Class Method Details
.align_frames(*frames, on:, select: nil, reverse: false) ⇒ Object Originally defined in module Functions
Align a sequence of frames using the uique values from one or more columns as a key.
Frames that do not contain the given key values have rows injected (with nulls filling the non-key columns), and each resulting frame is sorted by the key.
The original column order of input frames is not changed unless select is
specified (in which case the final column order is determined from that).
Note that this does not result in a joined frame - you receive the same number of frames back that you passed in, but each is now aligned by key and has the same number of rows.
.all(name = nil) ⇒ Expr Originally defined in module LazyFunctions
Do one of two things.
- function can do a columnwise or elementwise AND operation
- a wildcard column selection
.any(name) ⇒ Expr Originally defined in module LazyFunctions
Evaluate columnwise or elementwise with a bitwise OR operation.
.arg_sort_by(exprs, reverse: false) ⇒ Expr Also known as: argsort_by Originally defined in module LazyFunctions
Find the indexes that would sort the columns.
Argsort by multiple columns. The first column will be used for the ordering. If there are duplicates in the first column, the second column will be used to determine the ordering and so on.
.arg_where(condition, eager: false) ⇒ Expr, Series Originally defined in module LazyFunctions
Return indices where condition evaluates true.
.avg(column) ⇒ Expr, Float Originally defined in module LazyFunctions
Get the mean value.
.coalesce(exprs, *more_exprs) ⇒ Expr Originally defined in module LazyFunctions
Folds the expressions from left to right, keeping the first non-null value.

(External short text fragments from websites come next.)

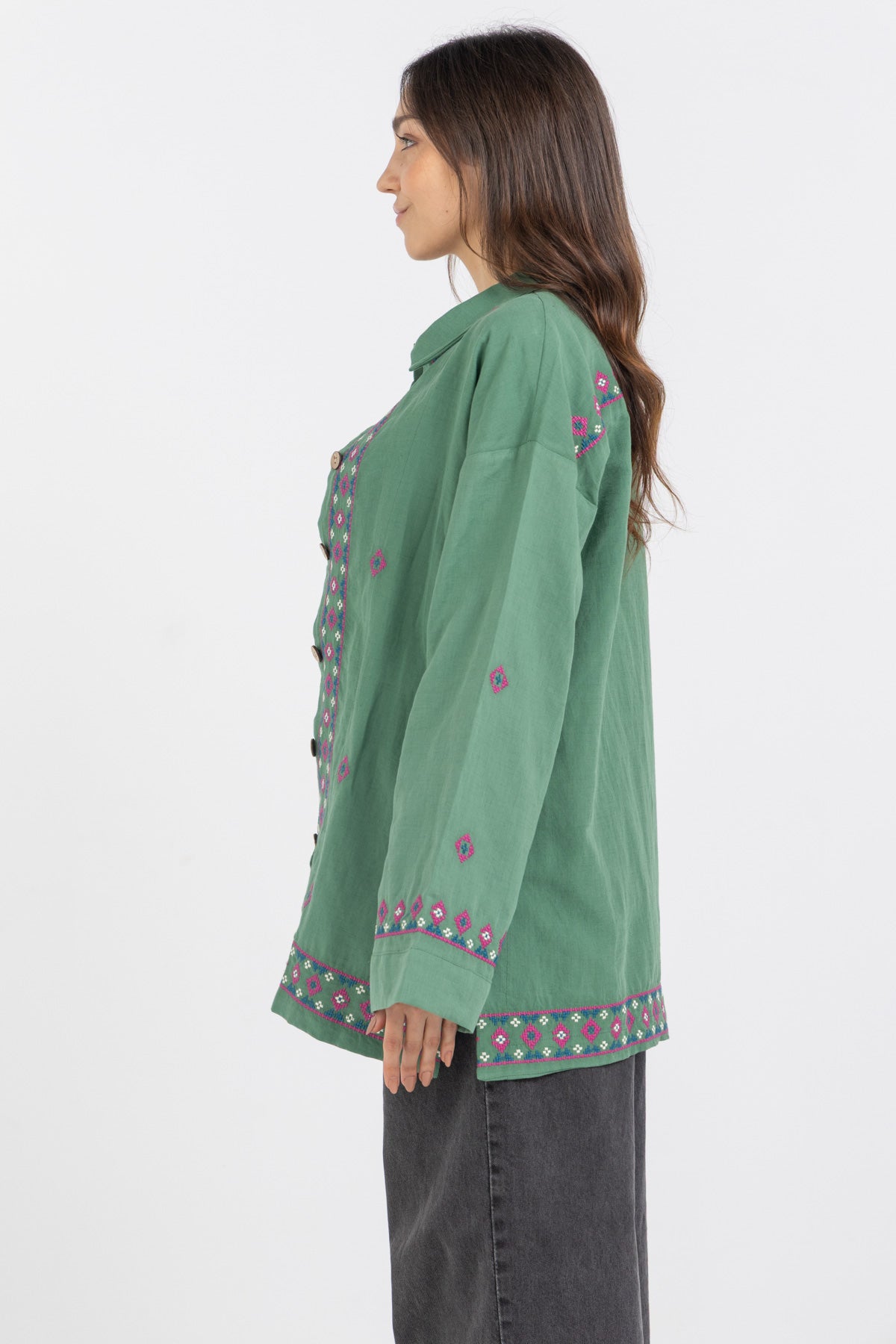 Linen Bloom Long Jacket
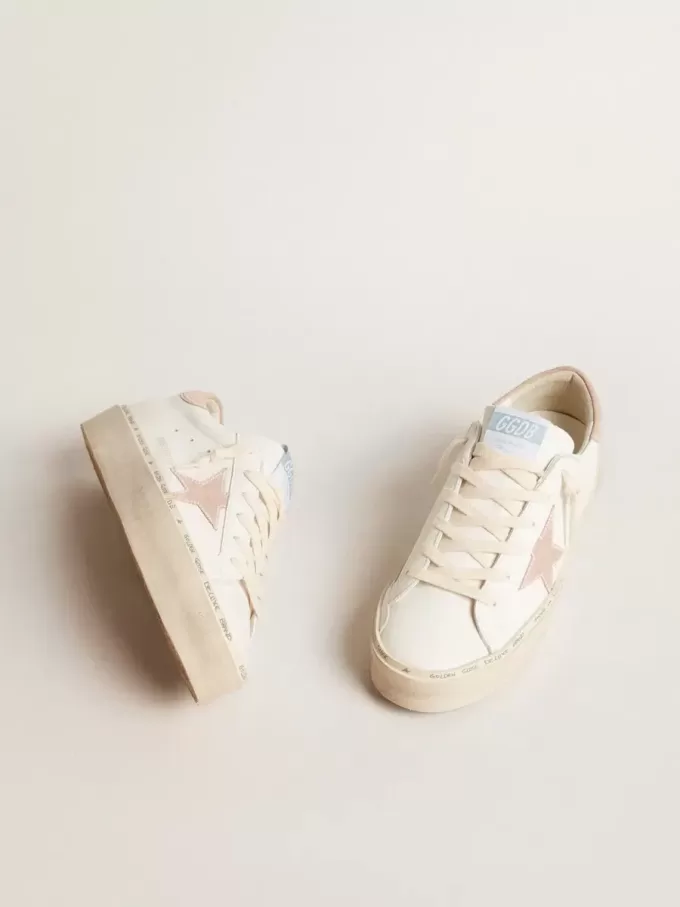 Hi Star LTD för damer med stjärna i gammalt rosa mocka och hälflik med pärlor Hi Star LTD för damer med stjärna i gammalt rosa mocka och hälflik med pärlor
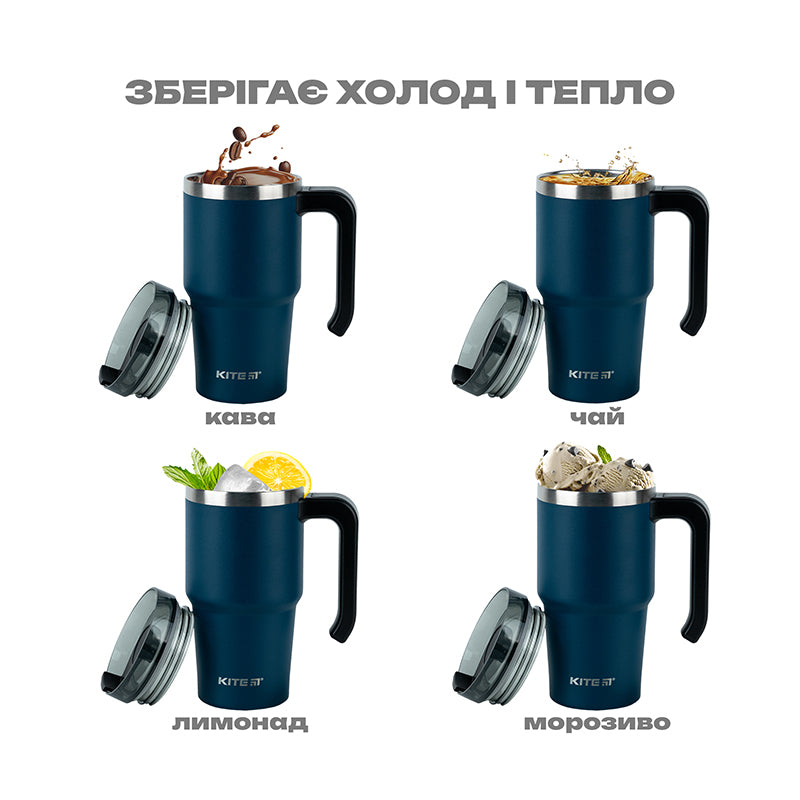 Kubek termiczna z rączką Kite K24-1207-2, 600 ml, szmaragdowy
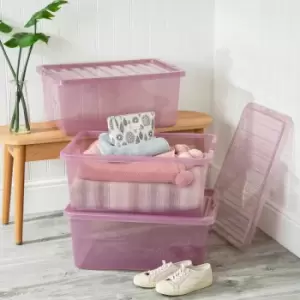Image of Wham Set 3 Crystal 45 Litre Box & Lid - Pink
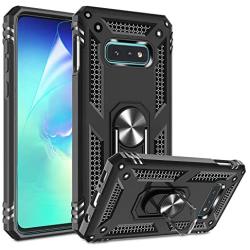 Galaxy S10E Case with HD Screen Protector, Gritup Military Grade 15ft. Drop Tested Cover with Magnetic Ring Kickstand Compatible with Car Mount Holder, Phone Case for Samsung Galaxy S10E Black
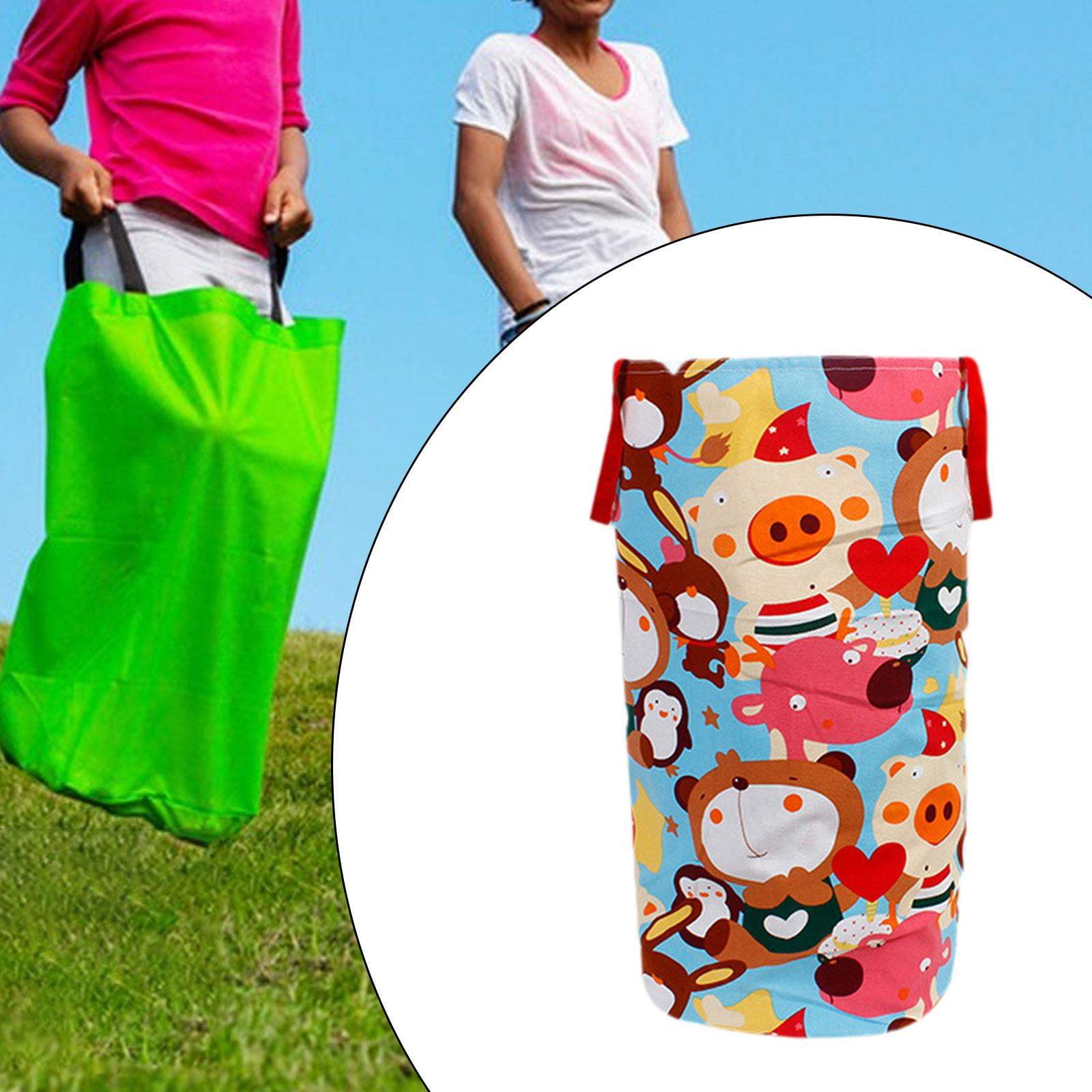 GUOOL Potato Sack Race Bag Durable Canvas Jumping Sack for Kids and Adults Outdoor Party Games (Pig, 19.69 in x 19.69 in x 27.56 in) 049qo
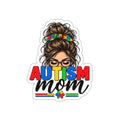 Autism Mom Die-Cut Sticker | Mom with Messy Bun, Puzzle Piece Awareness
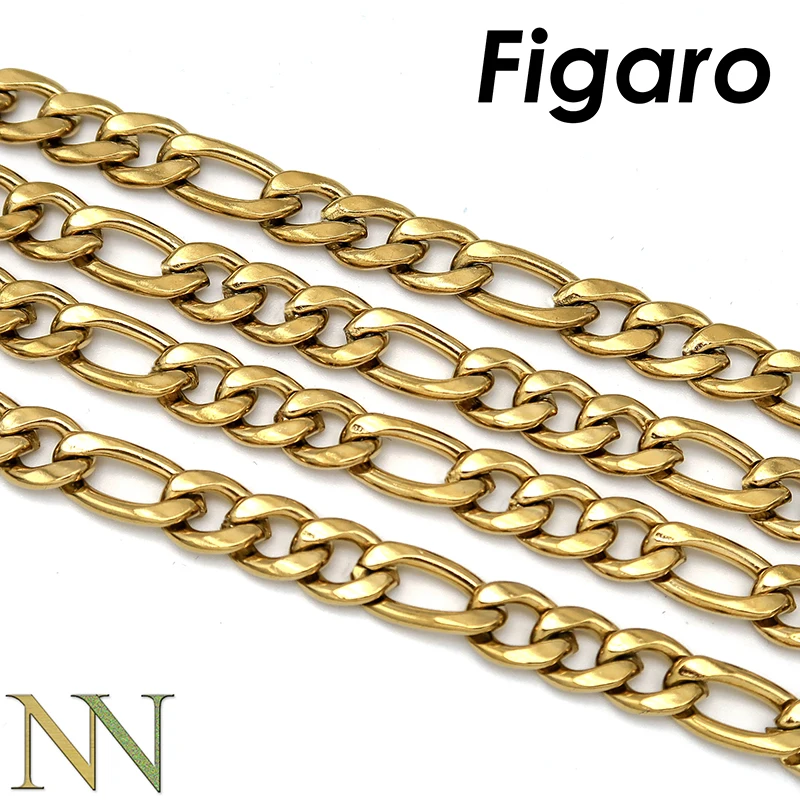 Steeltime Men's 18K Gold Over Stainless Steel Hypoallergenic 24 inch Figaro Chain Necklace Steeltime Men's 18K Gold Over Stainless Steel Hypoallergenic 24 inch Figaro Chain Necklace
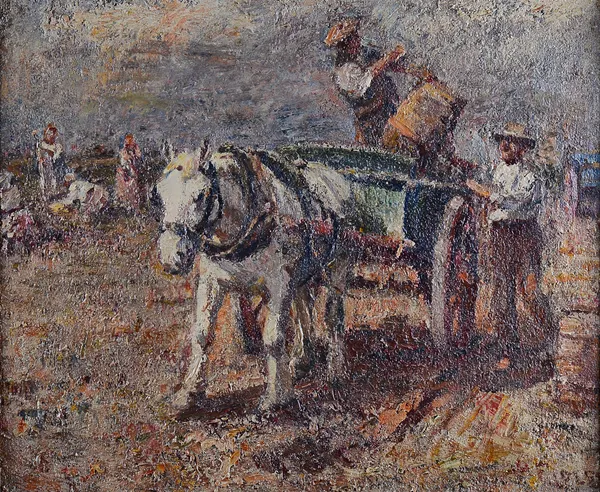 Harry Fidler (1856-1935), Loading the cart, oil on canvas, signed, 49cm x 59cm. Illustrated.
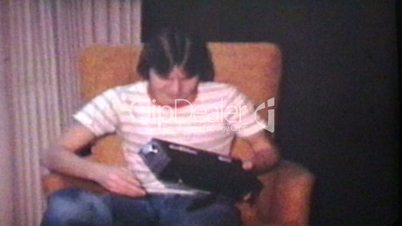 Teenager Gets Clock Radio For Birthday (1978 Vintage 8mm film)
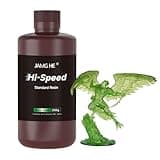 High Speed 3D Printer Resin, JAMG HE 12K Rapid 3D Printer Resin High-Precision and Low-Shrinkage Fast Standard 3D Printing Resin Suitable for 3D Printer Fast Mode & Normal Mode (1000g, Clear Green)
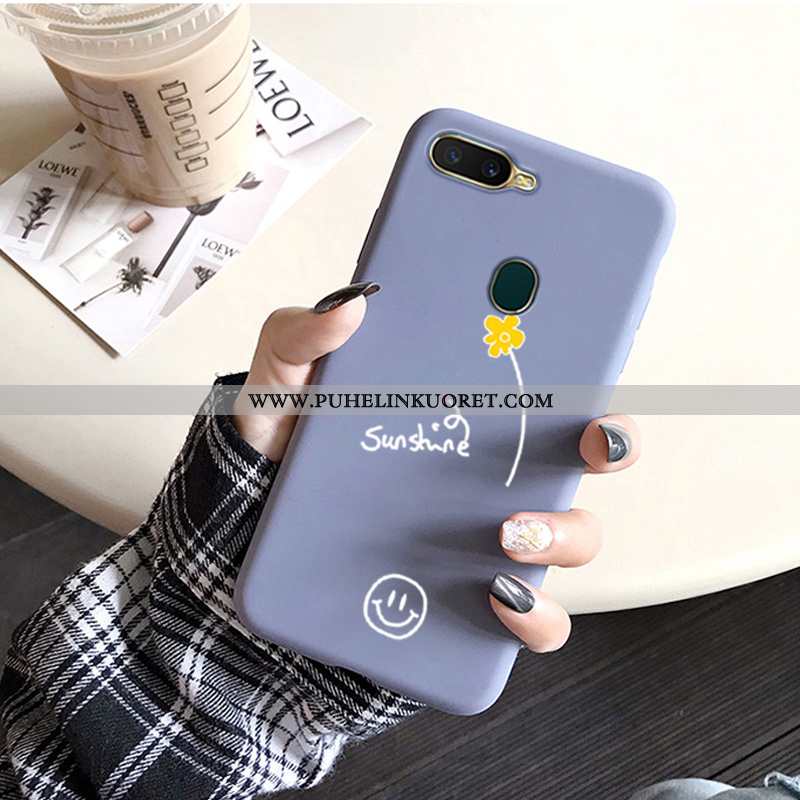 Kotelo, Kuori Oppo Ax7 Suojaus Pesty Suede All Inclusive Kotelo Sininen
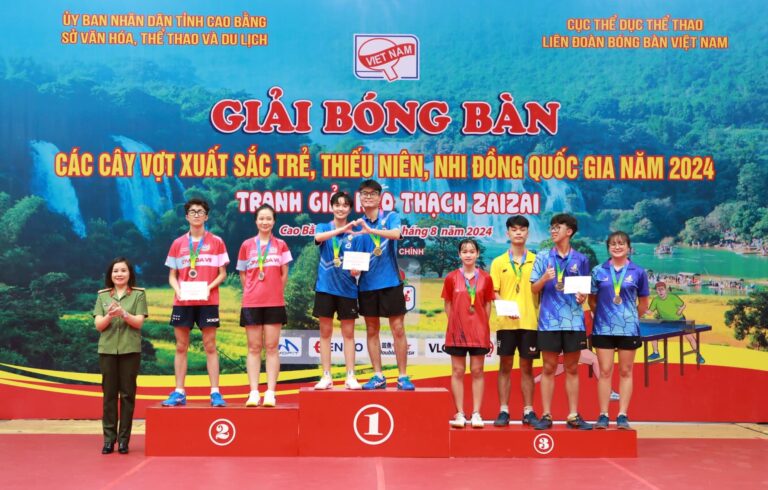 Bóng bàn CAND – T&T về nhất toàn đoàn với 14 huy chương vàng Giải trẻ quốc gia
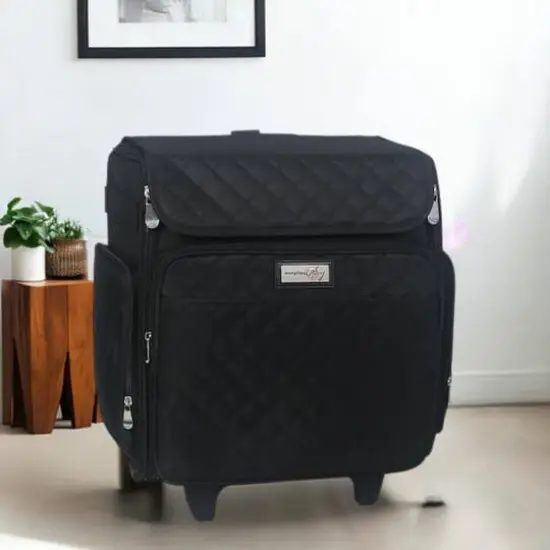 Everything Mary Black Quilted Rolling Scrapbook Storage Tote {9}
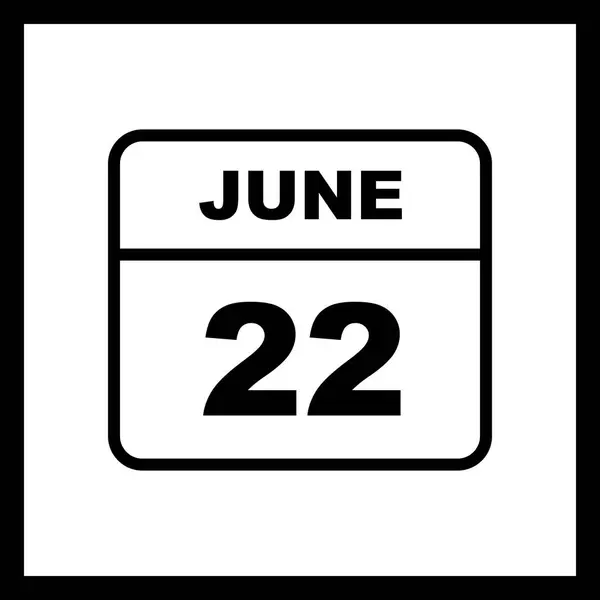22 Ιουνίου ημερομηνία σε ημερολόγιο μιας ημέρας — Φωτογραφία Αρχείου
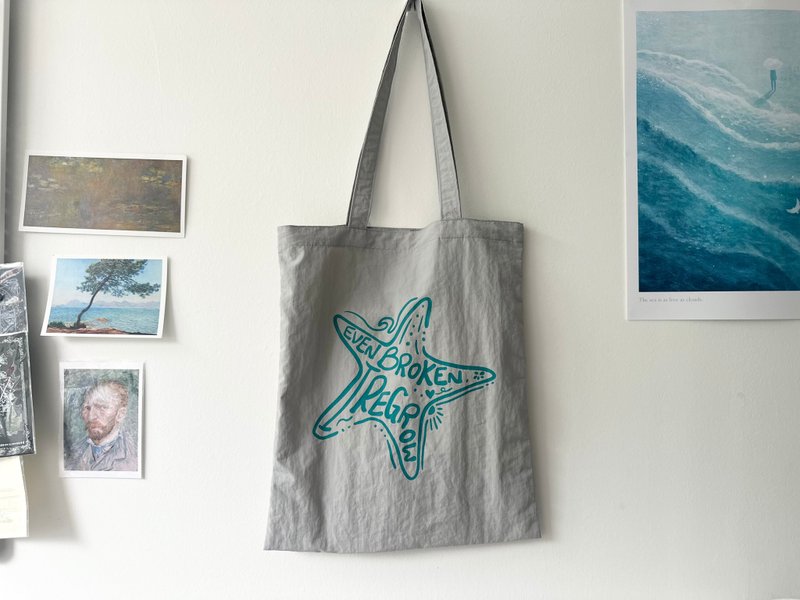 *預購* 海星晨光・防潑水手提包 Tote Bag - 手提包/手提袋 - 尼龍 灰色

.col(name) ⇒ Expr Originally defined in module LazyFunctions
Return an expression representing a column in a DataFrame.
.collect_all(lazy_frames, type_coercion: true, predicate_pushdown: true, projection_pushdown: true, simplify_expression: true, string_cache: false, no_optimization: false, slice_pushdown: true, common_subplan_elimination: true, allow_streaming: false) ⇒ Array Originally defined in module LazyFunctions
Collect multiple LazyFrames at the same time.
This runs all the computation graphs in parallel on Polars threadpool.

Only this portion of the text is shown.